Rechtlich bewegt man sich in Thailand auf komplexem Terrain. Visa-Regelungen ändern sich, Steuergesetze werden angepasst, und Eigentumsrechte für Ausländer bleiben eingeschränkt. Eine Beratung durch spezialisierte Anwälte oder Agenturen lohnt sich, insbesondere beim Landerwerb oder der Unternehmensgründung.
Der Reiz des Unbekannten
Letztlich ist es genau diese Mischung aus Herausforderung und Möglichkeit, die den Isaan für viele Auswanderer so reizvoll macht. Hier kann man noch etwas aufbauen, Teil einer Gemeinschaft werden, die thailändische Kultur in ihrer ursprünglichsten Form erleben. Der Lebensstil im Isaan ist nichts für Menschen, die überall westliche Standards erwarten. Aber für jene, die offen sind für Neues, die Abstriche machen können und die Authentizität über Komfort stellen, bietet Nordostthailand Lebensqualität zu einem Bruchteil europäischer Kosten.

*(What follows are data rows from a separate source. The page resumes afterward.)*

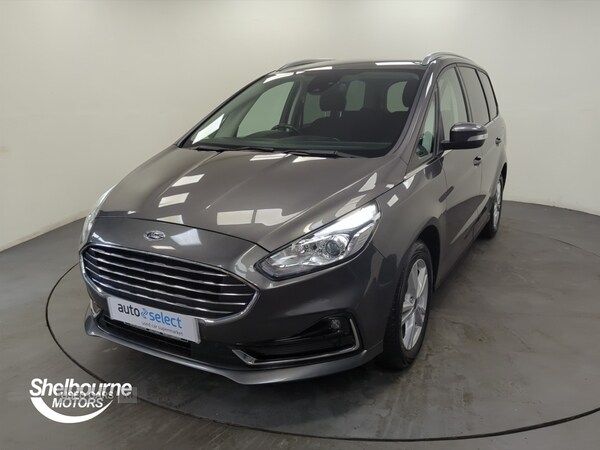 Used Ford Galaxy 2022 for sale - 75614536: Photo 12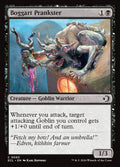 Boggart Prankster 93/273 (Lorwyn Eclipsed)  - Foil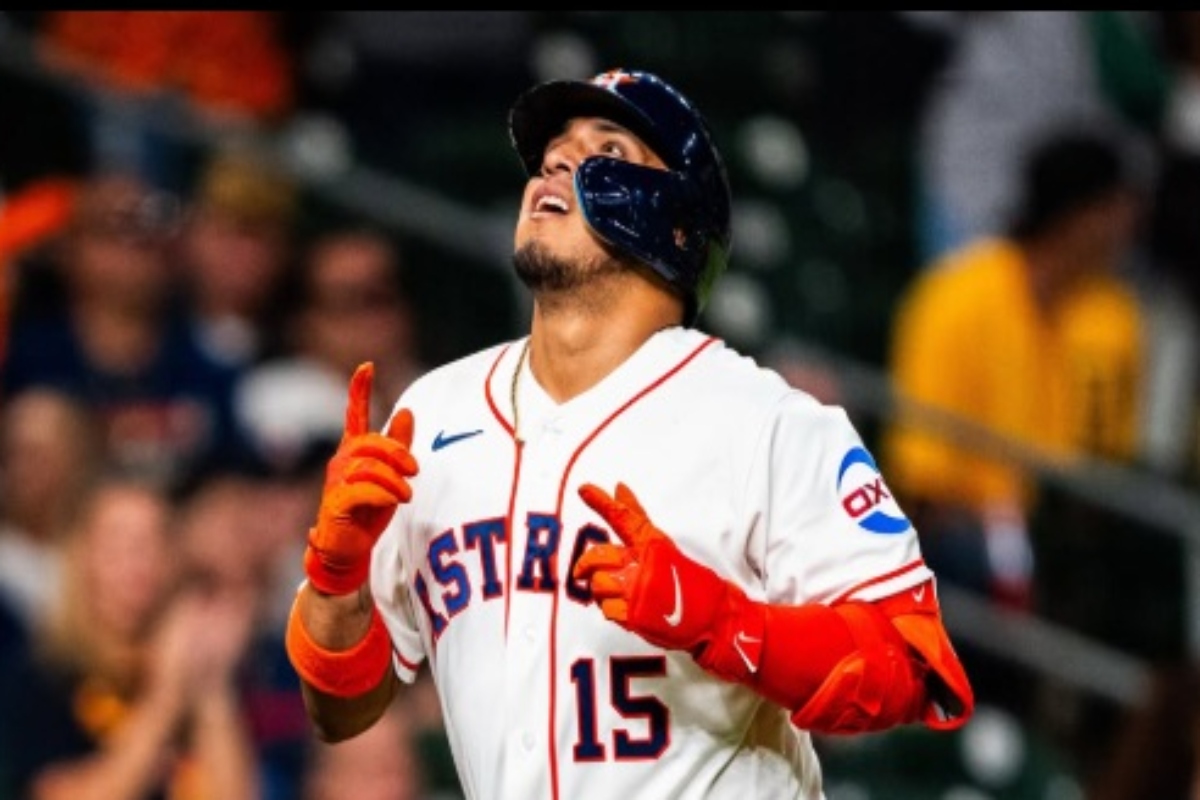 ¡Historia mexicana en MLB! Isaac Paredes llega a 100 jonrones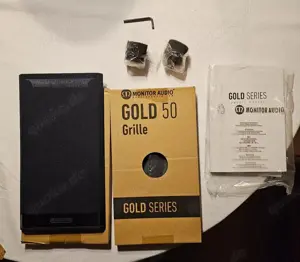 Monitor Audio Gold 50 4G Bild 8
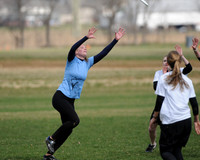 Steakfest Women's Saturday Games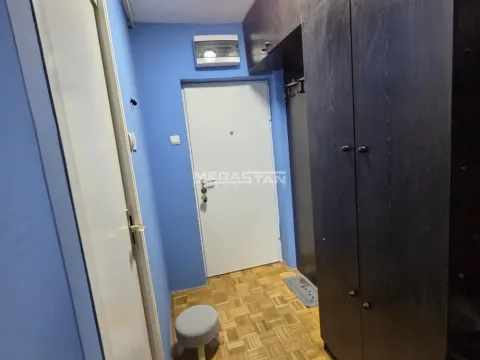 Prodaja, jednosoban stan, 65m², Novi Beograd Blok 72, Novi Beograd Sve Podlokacije - image 19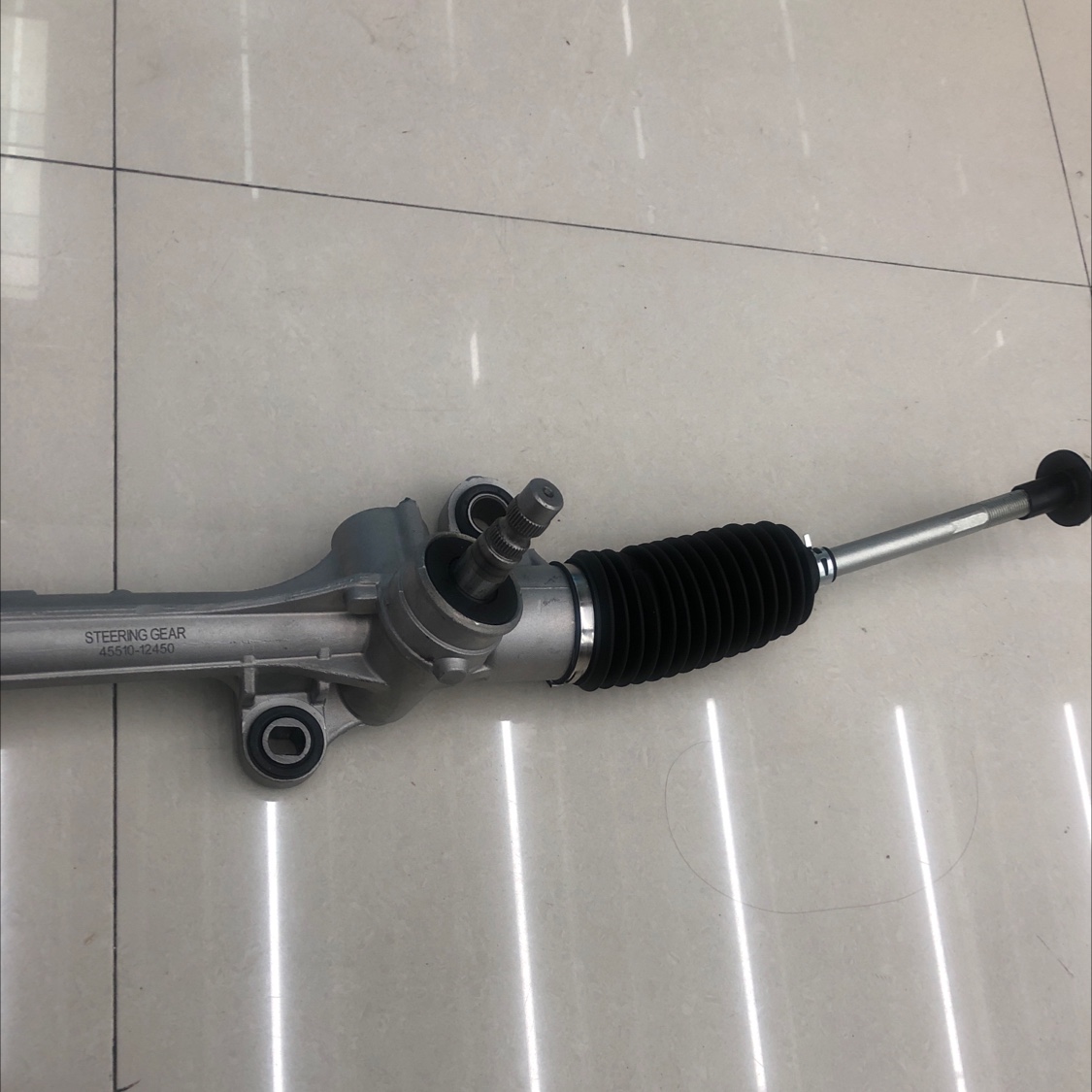 Steering gear 44510-12450 Specification image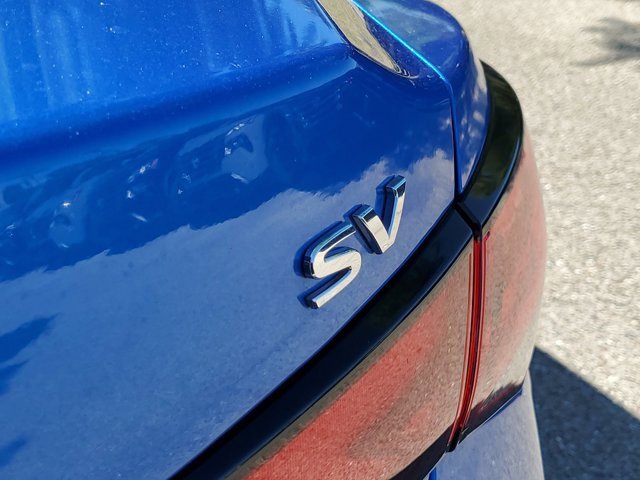 Certified 2023 Nissan Sentra SV w/ All-Weather Package image 14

Die wachsende Zahl von Ausländern, die sich bewusst für den Isaan entscheiden, spricht für sich. Sie suchen nicht das touristische Thailand, sondern das echte. Sie wollen nicht in einer deutschen Enklave leben, sondern in Thailand ankommen. Und genau dafür ist der Isaan wie gemacht: weitläufig genug für alle, die einen Neuanfang wagen wollen, traditionell genug für authentische Erfahrungen und modern genug, um nicht auf grundlegende Annehmlichkeiten verzichten zu müssen.
Anmerkung der Redaktion:
Dieser Artikel basiert auf aktuellen Recherchen und Erfahrungsberichten von Auswanderern im Isaan. Die genannten Preise und Kosten beziehen sich auf den Stand von Oktober 2025 und können regional variieren. Rechtliche und steuerliche Informationen dienen der allgemeinen Orientierung und ersetzen keine individuelle Beratung. Visa-Bestimmungen und Steuerregelungen in Thailand unterliegen regelmäßigen Änderungen. Interessierte sollten sich vor einer Auswanderung stets bei offiziellen Stellen und spezialisierten Rechtsberatern informieren. Die Lebenshaltungskosten hängen stark vom individuellen Lebensstil ab. Alle Angaben erfolgen ohne Gewähr und nach bestem Wissen und Gewissen.
Für weitere Informationen zum Leben und Auswandern in Thailand empfehlen sich offizielle Quellen wie die thailändische Einwanderungsbehörde (immigration.go.th) sowie deutschsprachige Expat-Foren und Beratungsstellen. Eine umfassende Vorbereitung und realistische Erwartungen sind der Schlüssel für ein erfolgreiches Leben im Isaan.




Aus eigener, jahrelanger Erfahrung kann ich nur bestätigen, dass das Leben im Isan, insbesondere in den Dörfern ein ganz anderes ist. Sowas muss man mögen. Ich habe dort sehr gerne gelebt, da ich von Haus aus eher ein Land- und kein Stadtmensch bin. Die Strukturen, Sitten und Gebräuche sind da zumeist schon noch relativ ursprünglich. Wer den Isan noch vor 20 oder 30 Jahren kennengelernt hat, der merkt allerdings auch wie enorm sich diese Region bereits verändert hat. Zu den meisten Dörfern führen zwischenzeitlich befestigte Straßen. Mobile-Empfang ist fast flächendeckend und damit auch das Internet verfügbar. Das hat schon sehr viel verändert und hin und wieder kollidiert das auch mit althergebrachten Lebensumständen. Aber insgesamt würde ich behaupten, den meisten Leuten geht es heute relativ besser als noch vor 20 oder 30 Jahren. Ein Handwerker hatte es mir mal so beschrieben: Früher musste er nach Bangkok um Arbeit zu finden, heute bekommt er auch in seiner Region genügend Aufträge und muss nicht mehr monate- oder jahrelang weg von Heimat und Familie.